Andrew Dickson White, Yale ’53

Too many vaguely religious people aren’t aware of the “magisterium issue,” to use Stephen Jay Gould’s linguistic stab at declaring a truce. Religion and science are compatible (to the extent it even occurs to ordinary people to wonder) because they don’t know much about either, and because they are encouraged in this superstition by dumb priests and ministers, the self-interest and reflexes of many churches, and the at-best tepid curiosity that characterizes their day to day life–whether in relation to politics, religion, world affairs, or national education policy. (And don’t mention vote-grubbing politicians who try to out-right-to-life their way into office by appealing to the worst instincts of NASCAR America. This may be the year that foetuses are declared citizens of the United States at seven months.)

What is the effect of this dumbness, this complacency? Loud, that’s what. Getting attention for your “message” by forcing people to pay attention to hate ads, grotesquery, libelous caricatures of ideas, and repeated falsehoods–all of it communicated in a kind of pidgin that can only be described as Dumbglish: these aren’t tactics that diminish and cheapen the American spirit. This is the language that American culture seems to require to wake it up. It flows like poison soup in the veins of the internet. This is where the American spirit is.

After some thought, I have to concede that maybe the shouting is necessary. Most people don’t pay attention to much of anything–not what politicians say, or what bishops teach, or what Atheists.org billboards shout at them along the highways.

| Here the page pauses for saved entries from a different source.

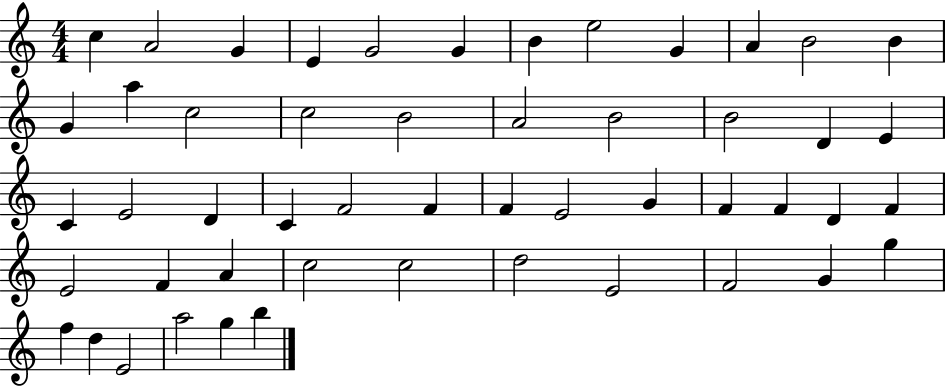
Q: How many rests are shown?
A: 0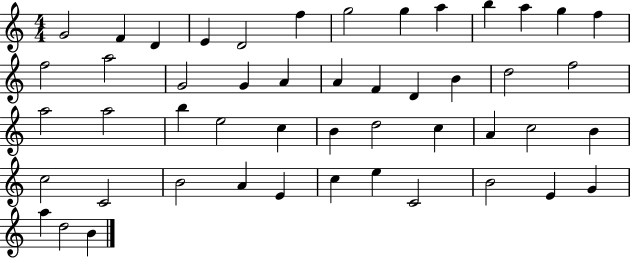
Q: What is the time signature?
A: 4/4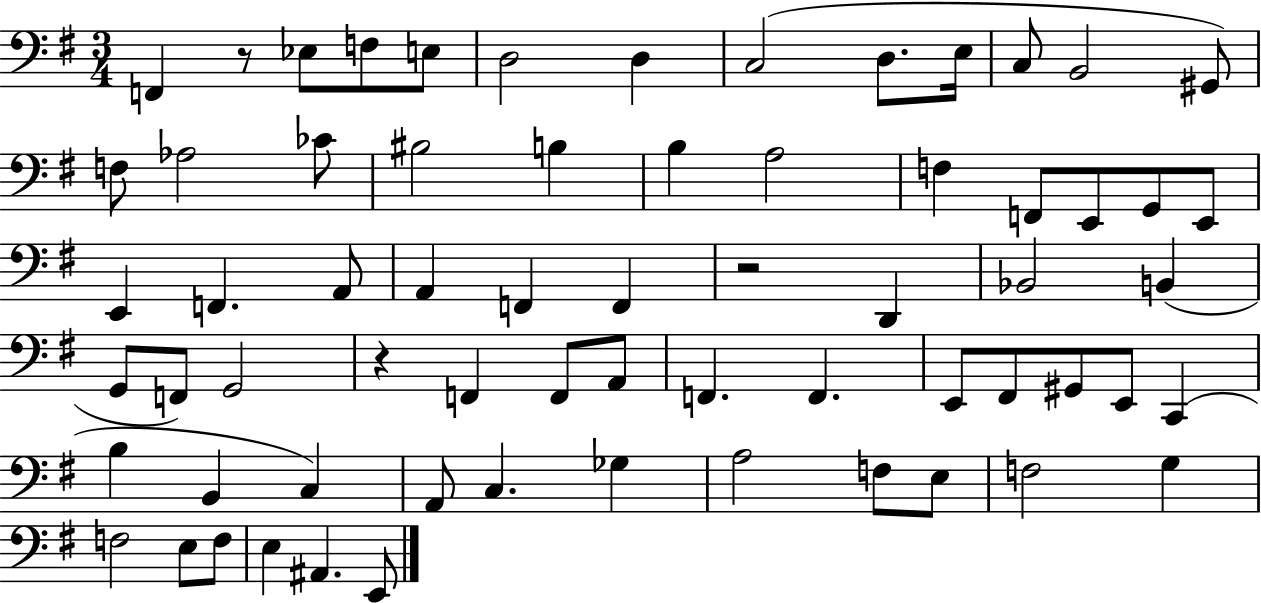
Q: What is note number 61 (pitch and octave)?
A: E3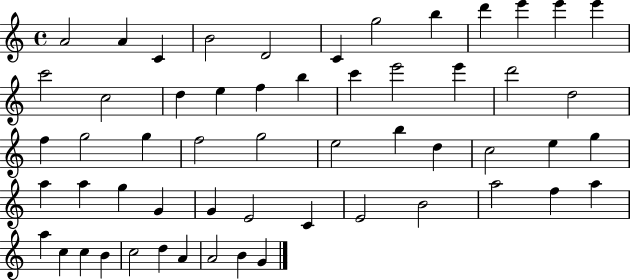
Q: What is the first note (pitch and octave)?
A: A4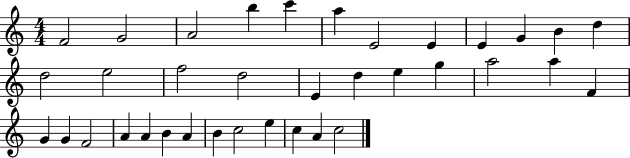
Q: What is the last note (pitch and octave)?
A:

The failure of the culture to inspire has led to the failure of people to be curious and a general acceptance of the status quo in most things–especially religion. Why should people want to know more about anything when they have a thousand bucks in the bank, an iPhone, and a new MacDonalds opening up down the street? Starbucks is for people with jobs.

American culture is not hardwired to evoke curiosity about science, religion, or anything else. It’s designed to breed complacency. If Theodore Roethke had lived today, he would write about the inexorable sadness of shopping malls and gated communities and universities where nothing happens and a society where conscience dies daily in the onslaught of the latest economic data.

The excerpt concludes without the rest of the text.